Ajuda o fato de Marfa estar um tanto isolada, o que deixa a noite mais escura e facilita a observação das estrelas. Há, inclusive, uma espécie de mirante oficial, a Marfa Lights Viewing Area, a 145 quilômetros a leste da cidade, na Highway 90, que atrai muita gente todos os dias para simplesmente observar os astros em silêncio.
Se o turista quiser ir além, pode visitar o McDonald Observatory, a 48 quilômetros de Marfa, que conta com alguns dos maiores telescópios de pesquisa do mundo. Fomos a um evento de observação, bem comuns por lá, mas, infelizmente, o tempo não permitiu que víssemos grande coisa.

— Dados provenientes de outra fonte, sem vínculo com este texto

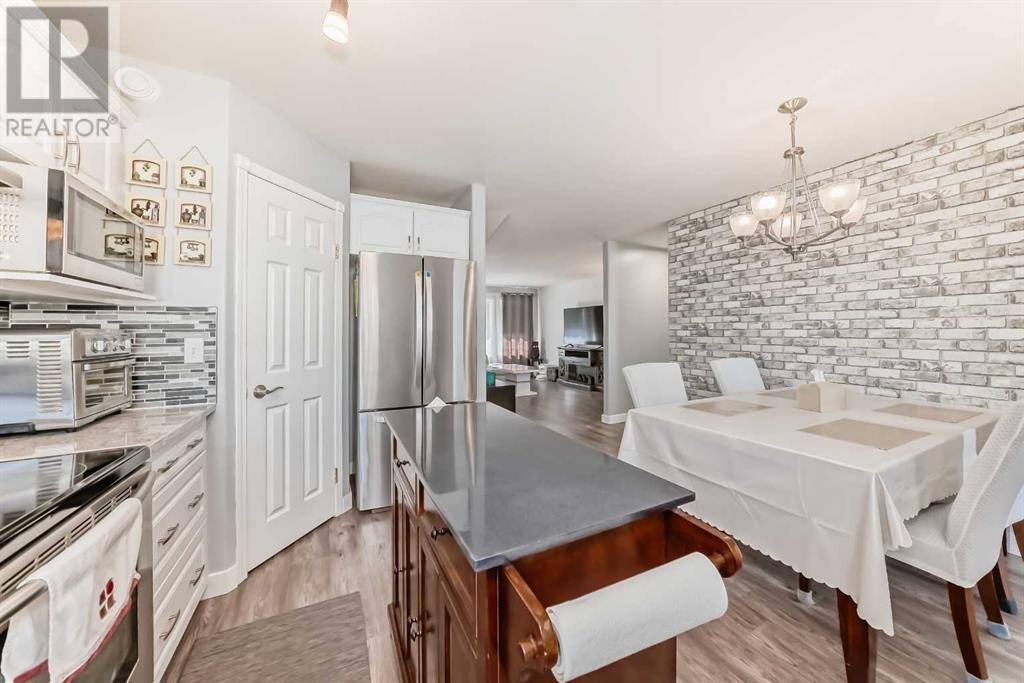 Ponoka, AB T4J1T8,5910 61 Avenue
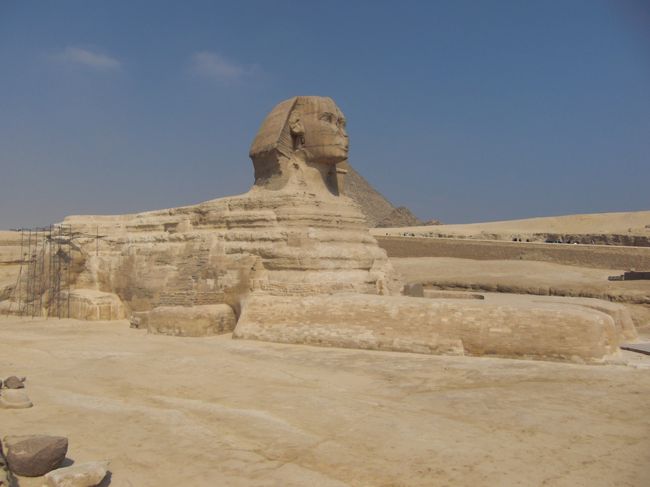スフィンクスの足元まで行けれたのでそばまで・・・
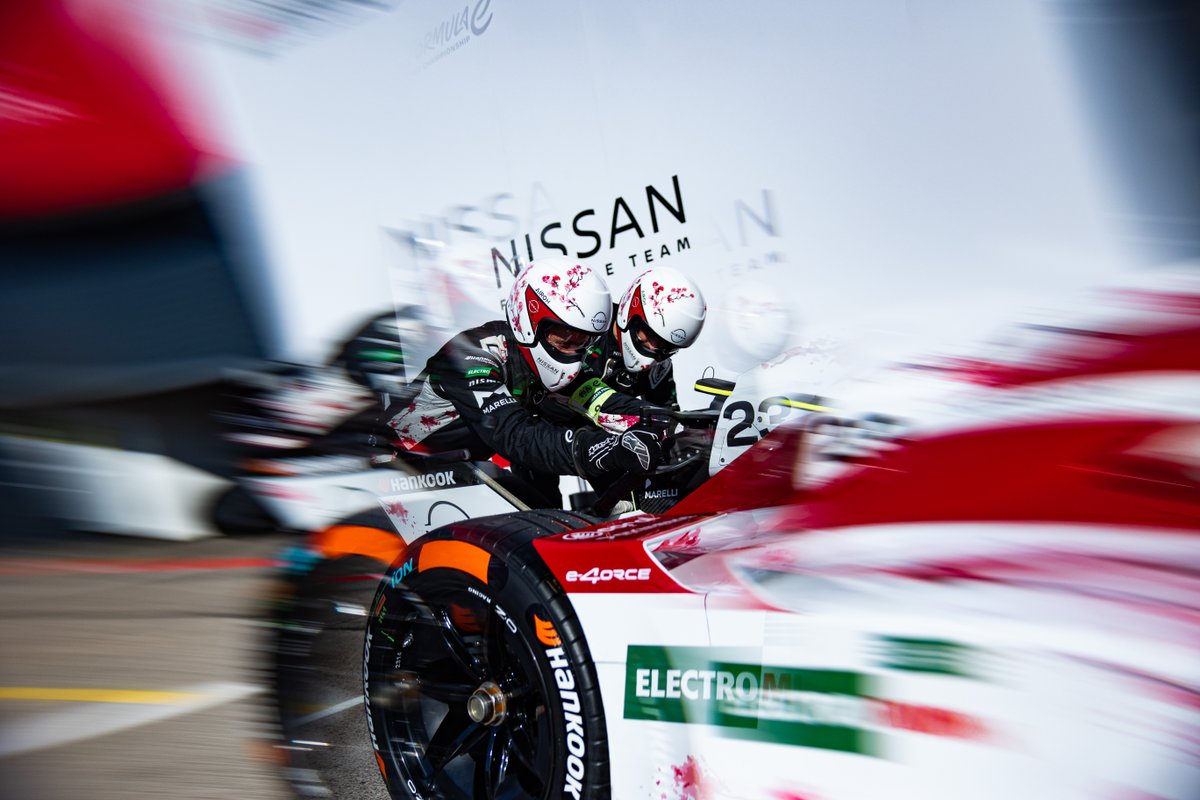 ShellMotorsportTeam tweet media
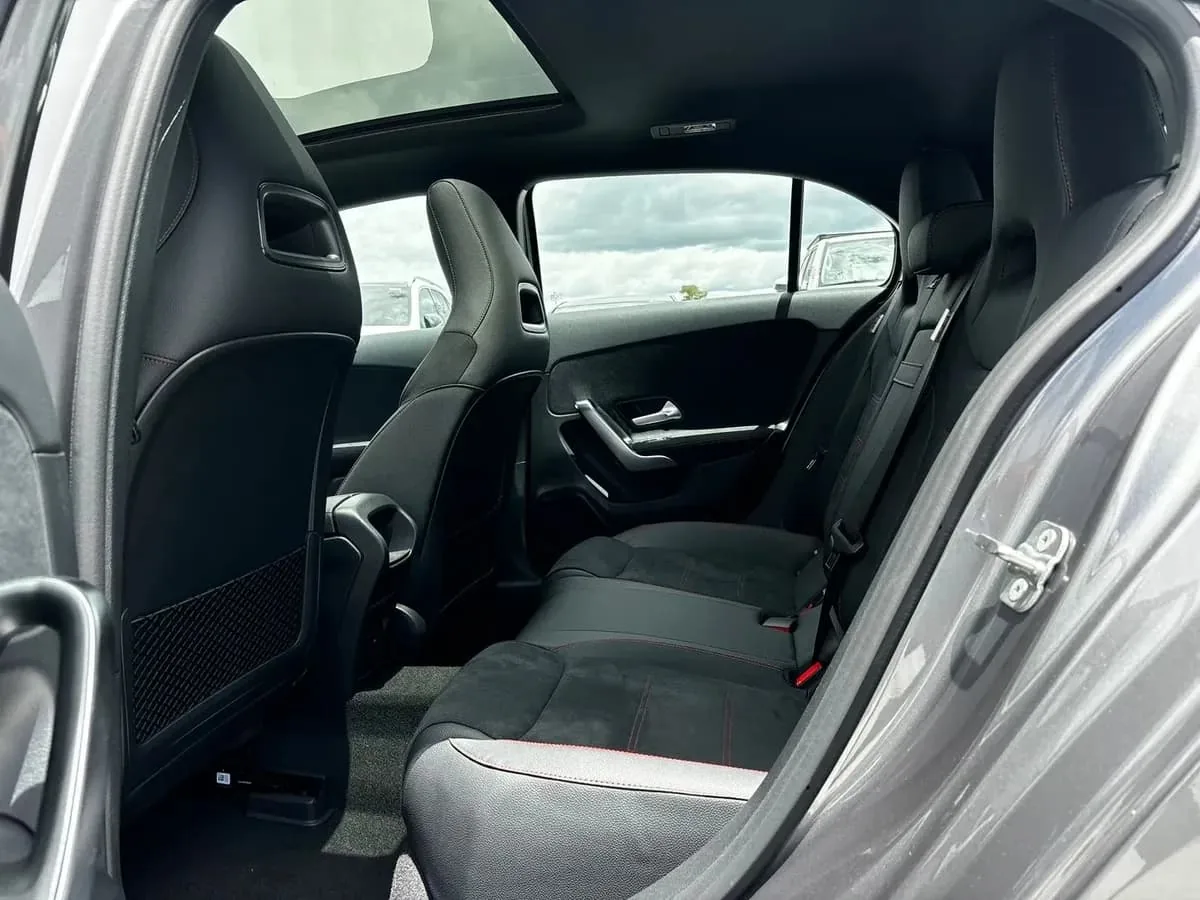 Sedán Mercedes-Benz A 250 2027 en Barranquilla — foto 8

Essa mística pode ser vivida em um dos maiores ícones locais, o El Cosmico, um hotel/acampamento meio hippie, onde é possível se hospedar em trailers vintage coloridos e muito bem equipados. Se você curte decoração, vai enlouquecer com a loja de suvenires, que oferece produtos estilosos, especialmente pôsteres. Lugar que reúne artistas, o El Cosmico recebe todos os anos o Trans-Pecos Festival of Music + Love, em setembro. Se você preferir uma hospedagem mais tradicional, opte pelo Hotel Paisano, que recebeu o elenco de Assim Caminha a Humanidade, filme estrelado por Elizabeth Taylor e James Dean, rodado em Marfa nos anos 1950.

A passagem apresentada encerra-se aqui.